Collaborative leadership and rural communities

January 27, 2007 By Chris Corrigan Collaboration, Leadership, Organization 2 Comments

Interesting report from a group I hadn’t heard of before, the Centre for Innovative and Entrepreneurial Leadership. THey have just released a publication called “Coping with Growth and Change: The state of leadership in rural BC.” I have an interest in this given that I teach and facilitate collaborative leadership and I live ina rural community in BC.

The report’s authors write:

“Many people see leadership development assisting with issues like change, economic diversification, youth attraction, innovation and collaboration, key ingredients to 21st Century success for rural communities.”

Many communities reported that youth are moving away and young families are not moving in. “Young people between the ages of 25 and 34 are the ones who typically start families and businesses, critical issues for communities,” says report co-author Mike Stolte, President-Elect of the Canadian Rural Revitalization Foundation (CRRF).

“The theme of youth leadership came up time and time again,” stated report co-author Stacy Barter, of CIEL. “Communities say they don’t know how to engage younger people. The established leaders are getting older and many of them are feeling burned out.”

One of the things that is exhausting community leaders, according to the study, is the increasing challenge of creating dialogue and communication between groups. “Many communities told us they want to work together, but they just don’t know how,” said Barter. “They want to learn how to practice collaborative leadership.”

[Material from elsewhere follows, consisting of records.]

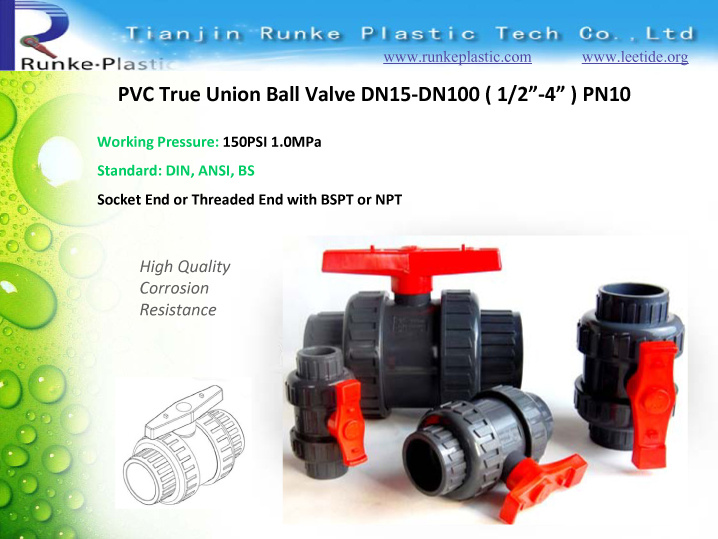 Plastic PVC Double Union Ball Valve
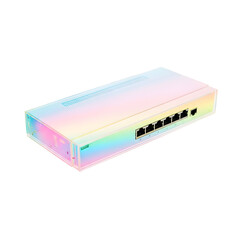 Network switch device isolated on transparent background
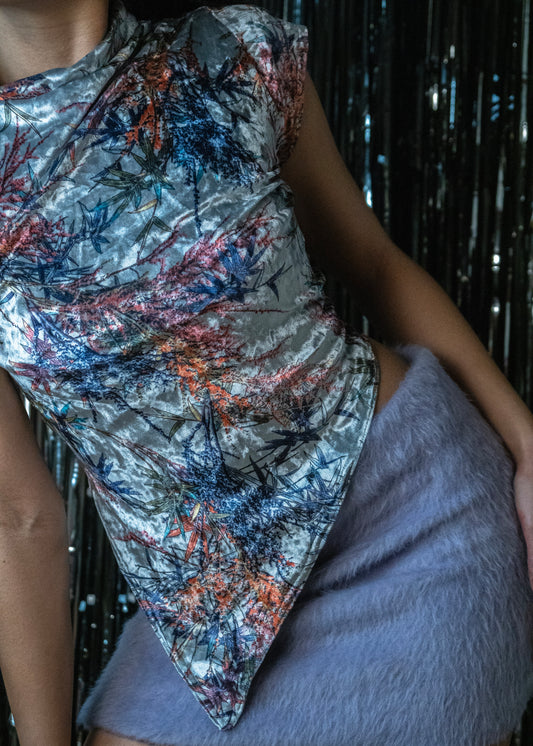 Silver Asymmetrical Top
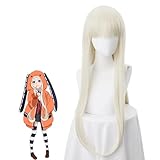 iDMRURvm 80CM Runa Yomozuki Kakegurui Loli Cosplay Wig Cap Pale Gold Anime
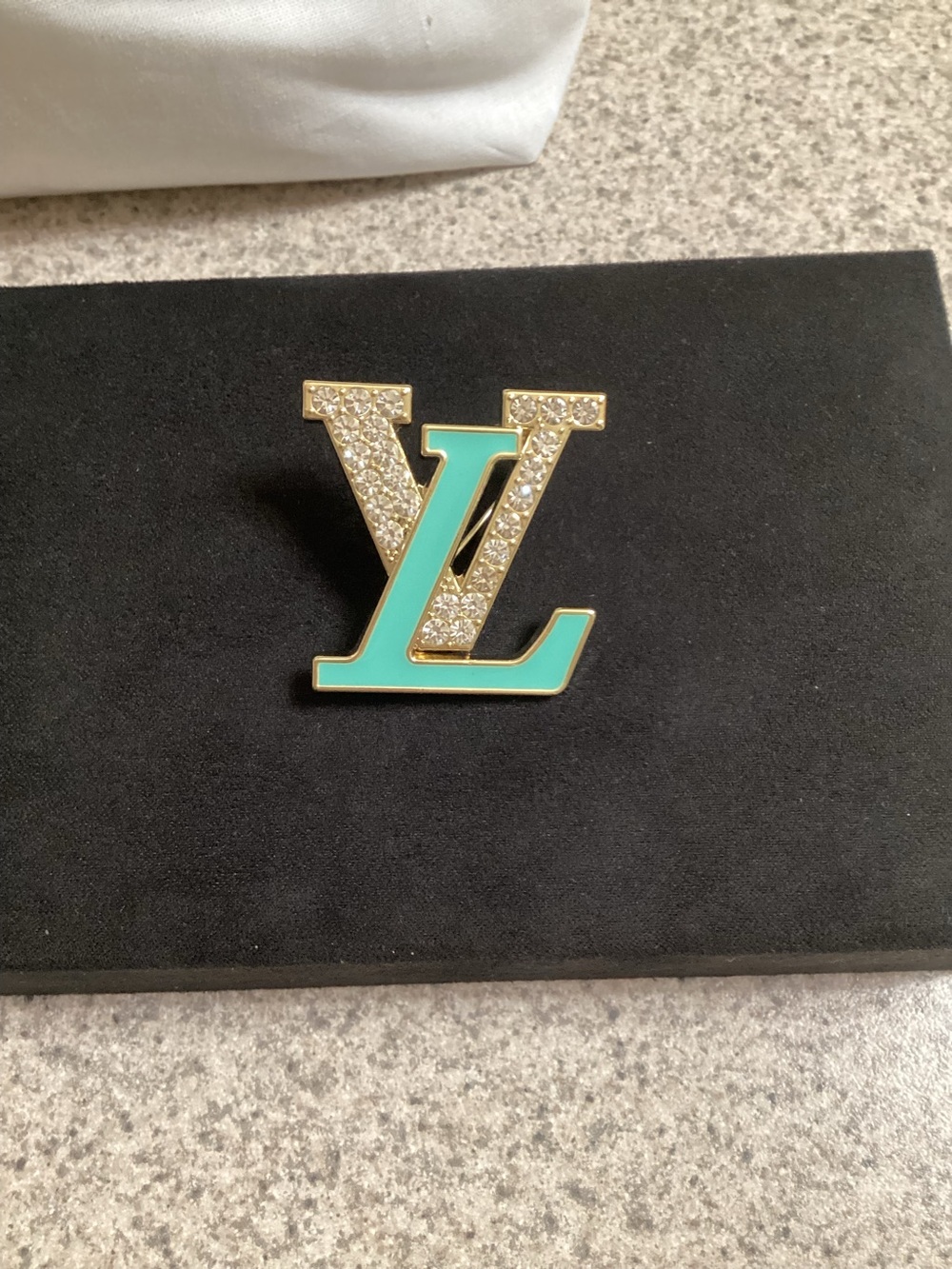Louis Vuitton Green Enamel & Gold Crystal LV Brooch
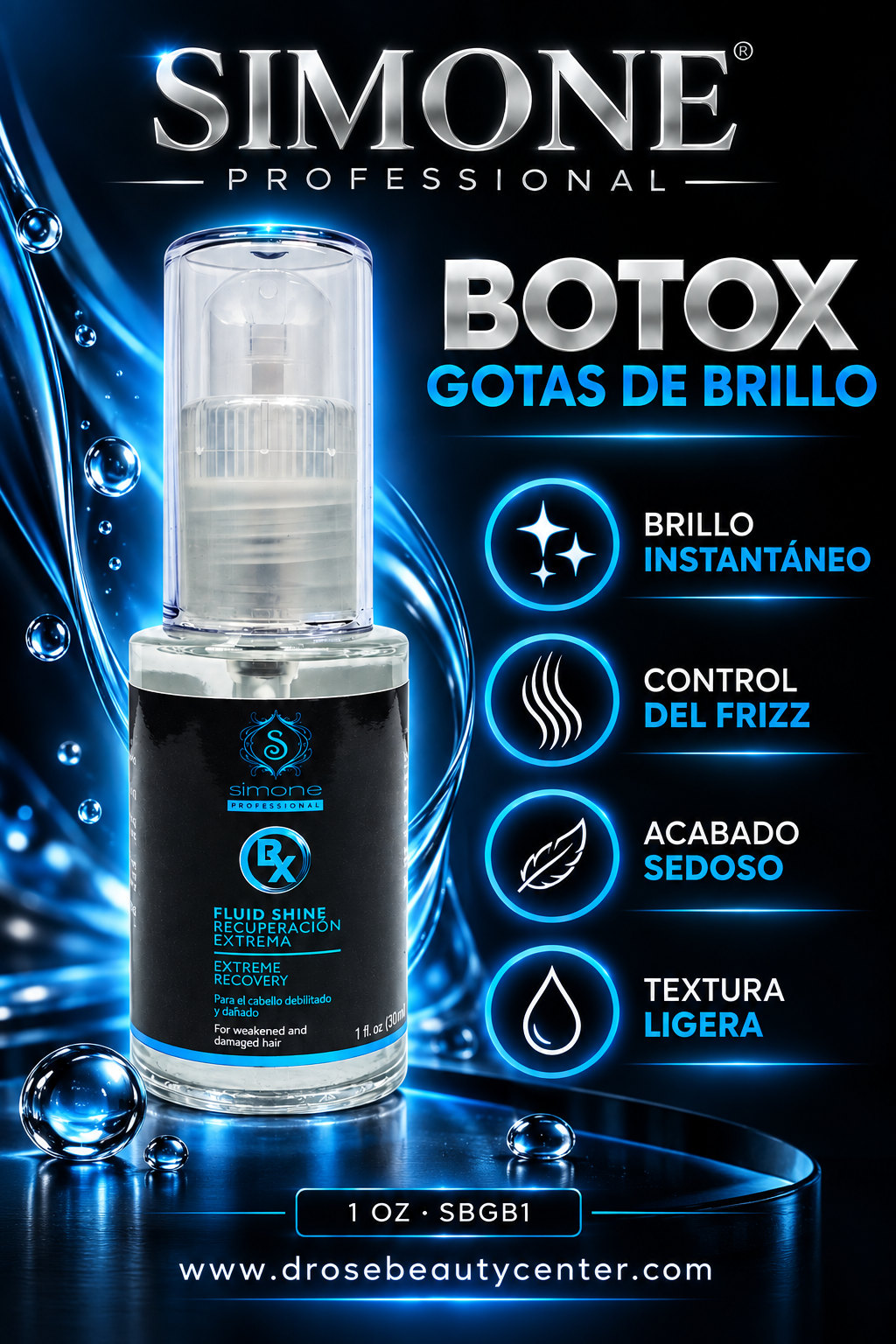 Simone Professional Botox Gotas de Brillo Recuperación Extrema 1 oz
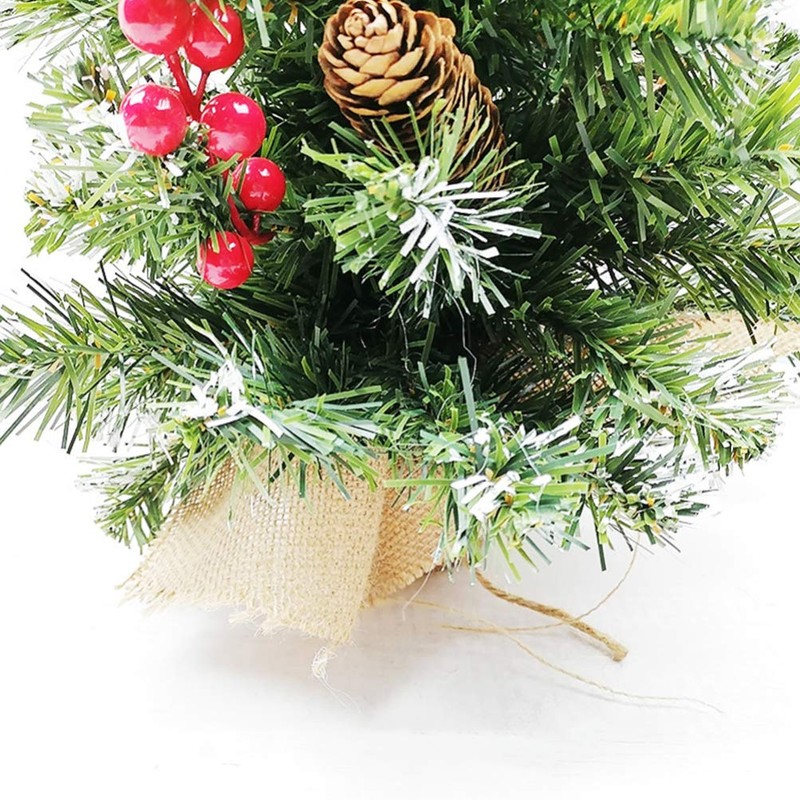 Tomaibaby 1Pc Pine Tree with Wood Base Mini Christmas Tree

The report shows that many communities are caught in a bind. “If special care is not taken to conserve the qualities fostering our community’s distinctive character, critical dimensions of its image and identity may be lost.” “These issues are dividing communities,” said Barter.

“The kind of leadership training they are asking for, collaborative leadership, involves the skills of leading a community through these differences. Without a new kind of leadership, they are telling us, the differences will continue to divide people, and the rate of growth will continue to overwhelm them.”

It seems there is an appetite everywhere for this kind of leadership. Yesterday talking with a friend involved in the biodeisal energy he was speculating that the shift in leadership models to something ore dialogic and less top down is a generational one. He was remarking that it seemed as if the current generation of 35-55 year olds were assuming th emantle of leadership and were altering by flattening structures that concentrate power. Of course my friend Jon Husband has been predicting this for a long time. He calls the idea wirearchy, informed as it is by the ways in which networked structures change power systems and leadership lenses. This report is encouraging to me, as it says that more and more people in governance systems (who tend to cling to the status quo) are finally loosening the kinds of leadership styles that characterize local government, and they are looking for some other way to deal with the stresses of the work they have to do.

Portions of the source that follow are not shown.